The new collaboration between CHOP, the Netter Center, and Uplift seeks to help children in West and Southwest Philly and their families cope with trauma from community violence and the pandemic.

chop trauma support

CHOP’s new collaboration with the Netter Center and Uplift will provide trauma support to Philly kids. Photograph by Jeff Fusco

From the pandemic to the gun violence epidemic to systemic racism to the opioid epidemic, life in Philly is rife with traumatic events. And that trauma is a lot for anyone to cope with, especially a member of Philly’s most vulnerable communities, who bore the brunt of the pandemic, and even more so for a child of those communities. For those reasons, CHOP recently launched a collaboration with the University of Pennsylvania’s Netter Center for Community Partnerships and the Uplift Center for Grieving Children to provide programming to support Philly kids experiencing grief and trauma. The new initiative will focus on providing resources for kids in West and Southwest Philly.

“Children in West and Southwest Philadelphia experience traumatic events far too frequently” said Alonzo South, senior director of community engagement at CHOP. “We know chronic exposure to violence and other trauma can lead to learning challenges and physical and behavioral health issues. As a result, it is critical that we help these children build resilience and buffer them against the traumatic exposure to community violence, as well as grief and loss from the pandemic.”

The new initiative will include virtual peer support groups for kids and programming during and after school hours through two of the Netter Center’s University-Assisted Community Schools (UACS), as well as monthly family empowerment workshops that will focus on understanding grief, building resilience, and social-emotional health. Both the support groups and workshops are led by Uplift’s masters-level grief clinicians and are designed for children “grieving significant deaths or navigating other ambiguous losses, such as isolation from school and community during the pandemic or incarceration of a loved one,” according to CHOP. The collaboration will also provide trainings for the adults working directly with the kids — their parents, guardians, and teachers — to equip them to support the kids as they process their grief and trauma.

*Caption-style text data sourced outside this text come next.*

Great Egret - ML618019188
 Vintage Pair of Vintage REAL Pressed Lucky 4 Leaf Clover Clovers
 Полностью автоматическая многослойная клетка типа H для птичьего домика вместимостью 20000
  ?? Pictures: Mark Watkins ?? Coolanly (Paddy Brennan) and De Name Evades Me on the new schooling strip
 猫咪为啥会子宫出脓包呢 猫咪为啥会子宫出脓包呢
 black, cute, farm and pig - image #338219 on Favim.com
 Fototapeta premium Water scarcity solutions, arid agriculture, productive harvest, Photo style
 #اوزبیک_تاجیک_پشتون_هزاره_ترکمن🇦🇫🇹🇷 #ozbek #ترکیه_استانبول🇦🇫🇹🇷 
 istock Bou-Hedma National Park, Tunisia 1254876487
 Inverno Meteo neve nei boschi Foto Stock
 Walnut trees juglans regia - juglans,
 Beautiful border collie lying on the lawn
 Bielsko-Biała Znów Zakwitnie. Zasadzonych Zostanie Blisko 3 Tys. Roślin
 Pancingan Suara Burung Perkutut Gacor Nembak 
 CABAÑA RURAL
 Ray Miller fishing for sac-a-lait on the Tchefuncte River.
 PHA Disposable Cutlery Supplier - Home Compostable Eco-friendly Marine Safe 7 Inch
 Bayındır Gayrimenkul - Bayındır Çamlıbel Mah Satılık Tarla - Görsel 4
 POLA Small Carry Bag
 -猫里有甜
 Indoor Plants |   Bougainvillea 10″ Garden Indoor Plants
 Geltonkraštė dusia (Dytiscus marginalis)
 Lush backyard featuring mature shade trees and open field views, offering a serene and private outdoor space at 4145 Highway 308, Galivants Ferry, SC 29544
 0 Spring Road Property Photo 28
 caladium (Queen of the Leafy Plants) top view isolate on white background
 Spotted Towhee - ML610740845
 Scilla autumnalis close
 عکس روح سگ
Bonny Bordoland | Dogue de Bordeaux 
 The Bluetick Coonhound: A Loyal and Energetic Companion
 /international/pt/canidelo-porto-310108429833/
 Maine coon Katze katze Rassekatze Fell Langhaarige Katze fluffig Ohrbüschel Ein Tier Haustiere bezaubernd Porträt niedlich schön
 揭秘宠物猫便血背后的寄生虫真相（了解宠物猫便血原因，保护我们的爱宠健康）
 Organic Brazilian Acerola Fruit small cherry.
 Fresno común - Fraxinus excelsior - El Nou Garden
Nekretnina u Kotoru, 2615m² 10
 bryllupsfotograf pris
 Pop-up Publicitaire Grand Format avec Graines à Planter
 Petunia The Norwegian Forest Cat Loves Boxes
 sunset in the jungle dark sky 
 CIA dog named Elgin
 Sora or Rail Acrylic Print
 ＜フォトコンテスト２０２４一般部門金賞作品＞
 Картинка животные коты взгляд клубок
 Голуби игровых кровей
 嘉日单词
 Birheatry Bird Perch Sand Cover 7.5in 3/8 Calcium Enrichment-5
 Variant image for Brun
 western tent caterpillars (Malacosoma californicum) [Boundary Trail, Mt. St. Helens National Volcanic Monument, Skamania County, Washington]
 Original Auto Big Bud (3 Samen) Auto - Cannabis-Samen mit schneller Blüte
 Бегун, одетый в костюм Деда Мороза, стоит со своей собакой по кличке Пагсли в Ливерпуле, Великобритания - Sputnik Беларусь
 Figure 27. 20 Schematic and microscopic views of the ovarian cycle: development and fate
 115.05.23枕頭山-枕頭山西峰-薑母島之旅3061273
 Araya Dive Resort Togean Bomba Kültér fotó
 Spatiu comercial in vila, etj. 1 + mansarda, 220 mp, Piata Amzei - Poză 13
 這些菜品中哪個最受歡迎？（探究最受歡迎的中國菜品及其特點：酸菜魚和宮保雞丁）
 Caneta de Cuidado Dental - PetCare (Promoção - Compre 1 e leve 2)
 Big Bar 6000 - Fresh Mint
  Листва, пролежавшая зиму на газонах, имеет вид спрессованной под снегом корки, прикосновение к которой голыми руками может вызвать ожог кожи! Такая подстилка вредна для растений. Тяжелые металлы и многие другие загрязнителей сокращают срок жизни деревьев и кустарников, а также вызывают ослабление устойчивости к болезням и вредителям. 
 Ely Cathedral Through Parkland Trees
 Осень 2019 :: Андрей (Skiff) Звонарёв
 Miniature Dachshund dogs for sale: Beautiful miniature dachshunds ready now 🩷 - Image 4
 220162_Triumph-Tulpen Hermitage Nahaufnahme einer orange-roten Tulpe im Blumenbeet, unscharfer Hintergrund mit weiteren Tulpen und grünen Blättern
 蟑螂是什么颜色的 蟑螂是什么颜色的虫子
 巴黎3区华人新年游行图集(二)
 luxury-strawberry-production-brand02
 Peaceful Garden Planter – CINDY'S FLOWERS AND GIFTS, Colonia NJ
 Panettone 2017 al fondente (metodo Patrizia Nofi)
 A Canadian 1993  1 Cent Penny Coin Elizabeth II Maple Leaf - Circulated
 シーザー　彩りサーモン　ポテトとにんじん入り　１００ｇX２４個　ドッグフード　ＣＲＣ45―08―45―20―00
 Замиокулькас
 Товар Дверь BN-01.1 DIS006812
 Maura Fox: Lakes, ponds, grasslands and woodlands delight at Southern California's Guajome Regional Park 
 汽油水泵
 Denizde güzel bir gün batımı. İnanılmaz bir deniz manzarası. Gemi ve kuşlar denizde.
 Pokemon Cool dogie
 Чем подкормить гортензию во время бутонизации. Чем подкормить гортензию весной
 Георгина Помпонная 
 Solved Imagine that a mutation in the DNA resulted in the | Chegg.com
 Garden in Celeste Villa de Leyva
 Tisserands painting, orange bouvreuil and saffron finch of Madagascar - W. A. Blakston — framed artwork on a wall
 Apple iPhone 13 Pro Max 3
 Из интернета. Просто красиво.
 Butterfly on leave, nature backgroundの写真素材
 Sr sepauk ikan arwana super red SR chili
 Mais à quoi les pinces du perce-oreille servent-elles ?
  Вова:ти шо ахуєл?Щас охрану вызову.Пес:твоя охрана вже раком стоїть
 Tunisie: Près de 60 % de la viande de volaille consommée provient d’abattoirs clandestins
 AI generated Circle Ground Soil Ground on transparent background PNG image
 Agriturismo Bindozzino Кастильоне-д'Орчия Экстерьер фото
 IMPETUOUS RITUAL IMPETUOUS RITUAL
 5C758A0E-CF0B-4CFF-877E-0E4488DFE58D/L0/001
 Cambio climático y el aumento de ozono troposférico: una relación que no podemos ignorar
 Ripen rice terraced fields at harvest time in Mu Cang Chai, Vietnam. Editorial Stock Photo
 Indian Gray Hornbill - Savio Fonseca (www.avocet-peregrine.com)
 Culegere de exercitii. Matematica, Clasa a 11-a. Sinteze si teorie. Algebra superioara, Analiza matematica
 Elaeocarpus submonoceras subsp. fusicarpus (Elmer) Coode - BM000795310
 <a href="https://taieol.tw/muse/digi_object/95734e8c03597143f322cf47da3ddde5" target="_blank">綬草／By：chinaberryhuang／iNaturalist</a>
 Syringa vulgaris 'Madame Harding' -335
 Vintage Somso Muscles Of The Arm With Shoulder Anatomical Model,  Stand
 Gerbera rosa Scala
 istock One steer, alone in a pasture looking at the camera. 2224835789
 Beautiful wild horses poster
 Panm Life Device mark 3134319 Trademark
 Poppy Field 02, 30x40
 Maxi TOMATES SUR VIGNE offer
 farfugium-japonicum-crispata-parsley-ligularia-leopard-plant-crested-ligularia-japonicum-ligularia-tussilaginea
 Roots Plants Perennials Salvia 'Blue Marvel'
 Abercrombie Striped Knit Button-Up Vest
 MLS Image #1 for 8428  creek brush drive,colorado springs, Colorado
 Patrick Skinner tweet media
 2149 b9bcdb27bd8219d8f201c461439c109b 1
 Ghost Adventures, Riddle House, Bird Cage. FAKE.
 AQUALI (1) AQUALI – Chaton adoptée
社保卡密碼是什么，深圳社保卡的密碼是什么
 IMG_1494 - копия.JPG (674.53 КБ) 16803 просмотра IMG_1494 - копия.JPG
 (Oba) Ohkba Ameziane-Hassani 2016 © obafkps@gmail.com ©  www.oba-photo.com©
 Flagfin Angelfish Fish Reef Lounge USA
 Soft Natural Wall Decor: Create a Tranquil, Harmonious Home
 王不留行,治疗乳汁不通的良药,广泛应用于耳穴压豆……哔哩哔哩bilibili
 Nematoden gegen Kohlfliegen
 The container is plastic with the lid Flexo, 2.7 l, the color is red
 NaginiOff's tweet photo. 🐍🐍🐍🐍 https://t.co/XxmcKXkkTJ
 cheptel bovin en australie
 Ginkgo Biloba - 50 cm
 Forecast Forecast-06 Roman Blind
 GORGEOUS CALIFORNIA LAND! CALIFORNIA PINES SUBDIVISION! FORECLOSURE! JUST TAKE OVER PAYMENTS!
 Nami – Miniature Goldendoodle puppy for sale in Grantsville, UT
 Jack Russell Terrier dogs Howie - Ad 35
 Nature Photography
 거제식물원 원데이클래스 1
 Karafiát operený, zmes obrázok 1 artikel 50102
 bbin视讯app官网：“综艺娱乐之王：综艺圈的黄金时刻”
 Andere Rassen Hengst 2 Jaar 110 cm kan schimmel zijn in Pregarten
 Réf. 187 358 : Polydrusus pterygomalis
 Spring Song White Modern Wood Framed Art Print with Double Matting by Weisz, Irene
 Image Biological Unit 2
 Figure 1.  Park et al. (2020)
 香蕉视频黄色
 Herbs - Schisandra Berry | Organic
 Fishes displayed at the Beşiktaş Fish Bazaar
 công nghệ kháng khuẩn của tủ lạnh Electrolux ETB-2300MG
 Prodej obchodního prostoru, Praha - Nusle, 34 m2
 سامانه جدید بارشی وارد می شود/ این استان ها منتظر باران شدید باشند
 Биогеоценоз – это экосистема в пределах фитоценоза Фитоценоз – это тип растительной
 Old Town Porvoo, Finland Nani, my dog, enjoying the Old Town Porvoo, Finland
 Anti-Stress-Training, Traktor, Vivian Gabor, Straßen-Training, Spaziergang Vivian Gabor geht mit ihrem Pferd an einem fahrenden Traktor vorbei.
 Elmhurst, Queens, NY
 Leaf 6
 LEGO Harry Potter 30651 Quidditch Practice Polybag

The collaboration is part of CHOP’s Healthier Together Initiative, which addresses four social determinants of health — housing, trauma, hunger, and poverty — to improve the health and lives of patients and families. It also complements the existing program between CHOP and Uplift called Growing Resilience in Teens (GRIT), which was established in February 2020 thanks to a grant from TD Bank.

South says the original idea for the new partnership was to focus on providing in-person group therapy to CHOP primary care patients. When the pandemic hit, however, they were forced to pivot. “We started to ask, ‘How do we reach our patients?’ since families were staying home early last year,” he says. “So, we decided to virtually expand to schools in order to reach more children in Philly’s underserved areas, and leveraged the relationship we already had with Uplift to bring on the Netter Center, who was already doing amazing work in local schools.” He adds that the partners took into account the digital divide that exists in Southwest and West Philadelphia, as well as user acceptance, so as to create a “COVID-compliant program that would work in a digital platform and actually be used by community members.”

South says the real value of the initiative is that it makes community-based behavioral health and child-related services more accessible. “Offering these services solely in primary care settings isn’t enough, and neither is just treating the child,” he says. “You have to go into communities themselves, and support guardians, families, and teachers, too. Plus, all of our services are free and don’t require insurance because there shouldn’t be barriers to children living productive, healthy lives.”